Work required:
All of the entries should be returned without a single change.

[Data for review]

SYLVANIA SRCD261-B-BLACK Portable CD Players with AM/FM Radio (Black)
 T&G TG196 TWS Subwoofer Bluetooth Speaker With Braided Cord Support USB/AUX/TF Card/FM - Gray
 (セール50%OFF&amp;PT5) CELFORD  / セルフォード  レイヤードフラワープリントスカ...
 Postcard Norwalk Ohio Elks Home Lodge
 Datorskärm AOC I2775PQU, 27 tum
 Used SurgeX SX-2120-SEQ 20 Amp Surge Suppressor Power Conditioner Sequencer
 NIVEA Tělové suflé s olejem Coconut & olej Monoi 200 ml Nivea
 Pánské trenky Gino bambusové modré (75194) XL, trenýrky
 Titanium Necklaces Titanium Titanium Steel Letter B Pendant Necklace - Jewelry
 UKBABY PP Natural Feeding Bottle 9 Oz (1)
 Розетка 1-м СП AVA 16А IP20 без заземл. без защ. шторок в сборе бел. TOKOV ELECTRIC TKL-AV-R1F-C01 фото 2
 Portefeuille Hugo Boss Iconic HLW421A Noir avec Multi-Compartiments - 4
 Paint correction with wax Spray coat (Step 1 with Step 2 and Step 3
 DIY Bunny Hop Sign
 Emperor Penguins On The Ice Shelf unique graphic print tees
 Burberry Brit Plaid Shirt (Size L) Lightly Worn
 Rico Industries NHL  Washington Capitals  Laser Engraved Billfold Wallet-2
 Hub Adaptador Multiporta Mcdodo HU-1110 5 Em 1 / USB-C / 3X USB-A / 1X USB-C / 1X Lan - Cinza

[/Data for review]

Exercise response:
SYLVANIA SRCD261-B-BLACK Portable CD Players with AM/FM Radio (Black)
 T&G TG196 TWS Subwoofer Bluetooth Speaker With Braided Cord Support USB/AUX/TF Card/FM - Gray
 (セール50%OFF&amp;PT5) CELFORD  / セルフォード  レイヤードフラワープリントスカ...
 Postcard Norwalk Ohio Elks Home Lodge
 Datorskärm AOC I2775PQU, 27 tum
 Used SurgeX SX-2120-SEQ 20 Amp Surge Suppressor Power Conditioner Sequencer
 NIVEA Tělové suflé s olejem Coconut & olej Monoi 200 ml Nivea
 Pánské trenky Gino bambusové modré (75194) XL, trenýrky
 Titanium Necklaces Titanium Titanium Steel Letter B Pendant Necklace - Jewelry
 UKBABY PP Natural Feeding Bottle 9 Oz (1)
 Розетка 1-м СП AVA 16А IP20 без заземл. без защ. шторок в сборе бел. TOKOV ELECTRIC TKL-AV-R1F-C01 фото 2
 Portefeuille Hugo Boss Iconic HLW421A Noir avec Multi-Compartiments - 4
 Paint correction with wax Spray coat (Step 1 with Step 2 and Step 3
 DIY Bunny Hop Sign
 Emperor Penguins On The Ice Shelf unique graphic print tees
 Burberry Brit Plaid Shirt (Size L) Lightly Worn
 Rico Industries NHL  Washington Capitals  Laser Engraved Billfold Wallet-2
 Hub Adaptador Multiporta Mcdodo HU-1110 5 Em 1 / USB-C / 3X USB-A / 1X USB-C / 1X Lan - Cinza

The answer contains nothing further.